▸ **WORK ORDER**
Without copying any picture, transcribe exactly the lines of the data below from the one containing "A group of people standing in a room" through the one containing "Description automatically generated".

▸ **MATERIAL PROVIDED**
= Beginning of Section =
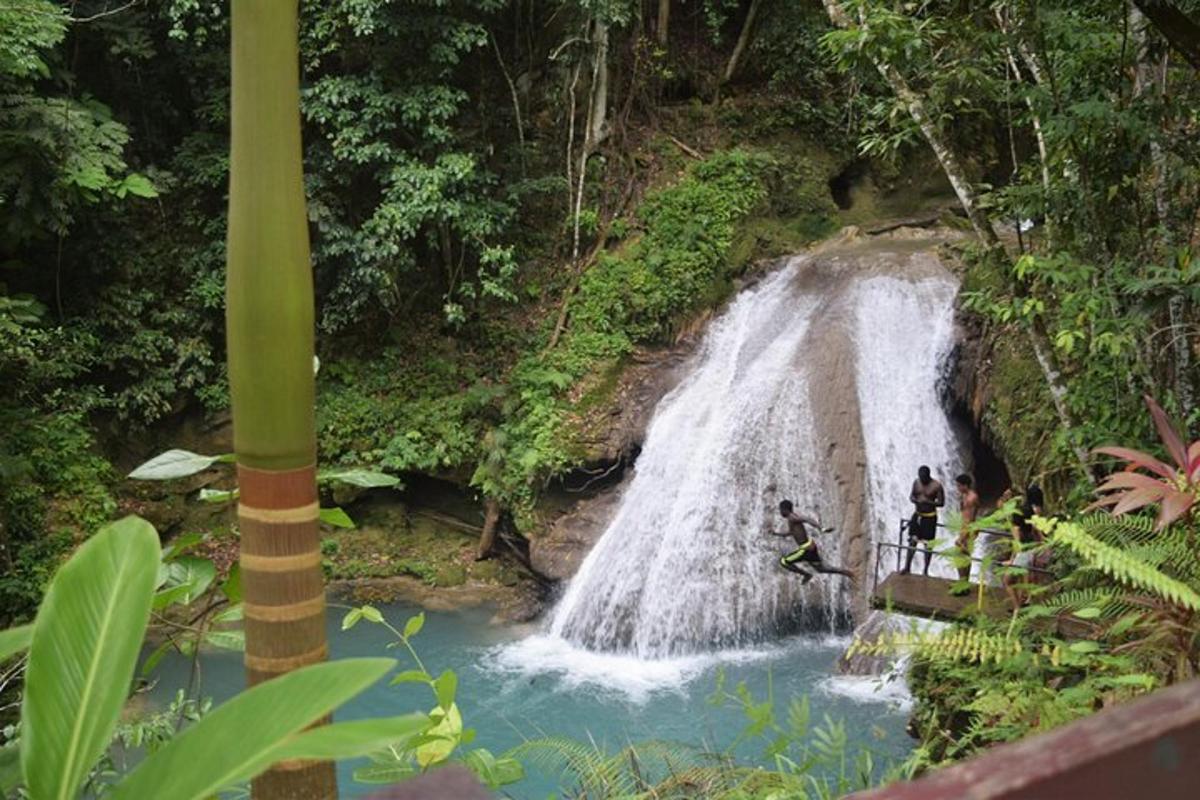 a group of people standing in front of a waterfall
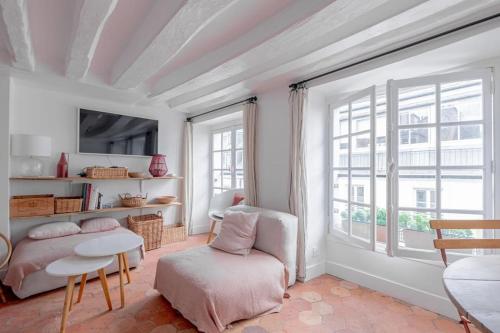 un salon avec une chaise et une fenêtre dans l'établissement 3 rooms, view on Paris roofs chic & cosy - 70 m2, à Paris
= End of Section =
= Beginning of Section =
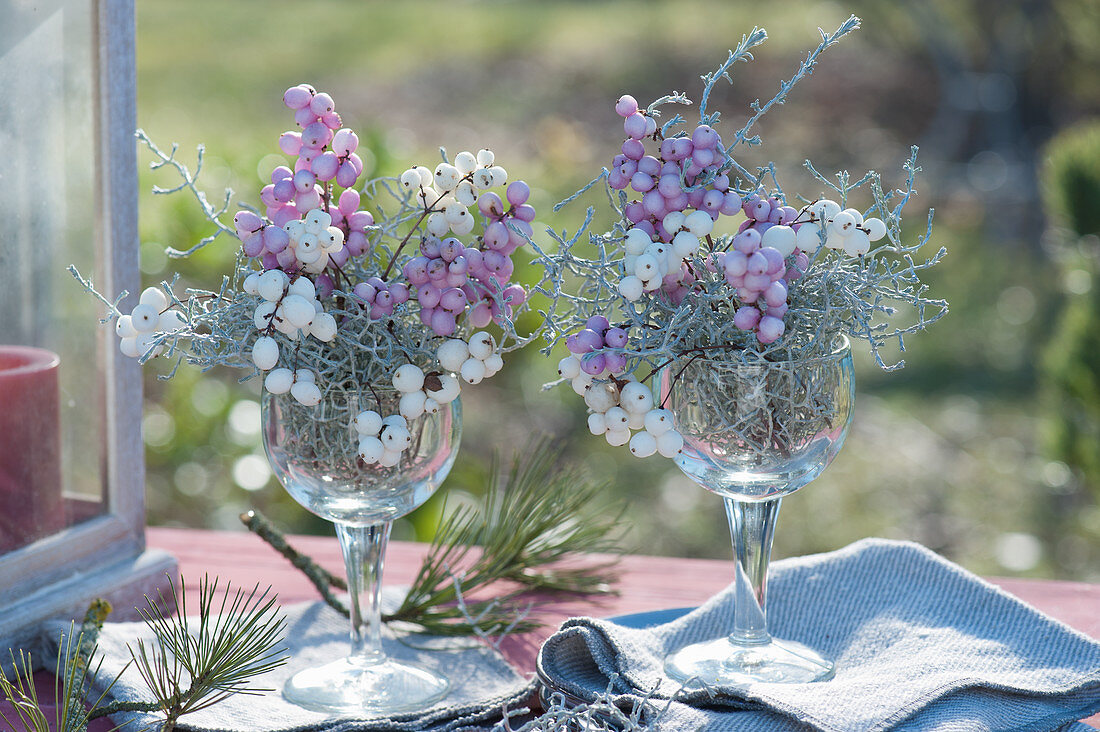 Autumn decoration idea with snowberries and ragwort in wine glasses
= End of Section =
= Beginning of Section =
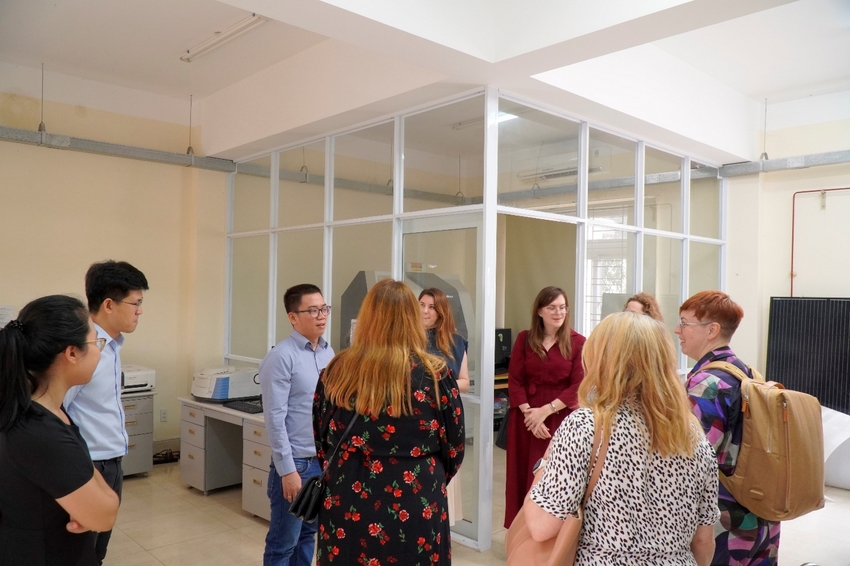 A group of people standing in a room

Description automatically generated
= End of Section =
▸ **OUTPUT OF THE EXERCISE**
 A group of people standing in a room

Description automatically generated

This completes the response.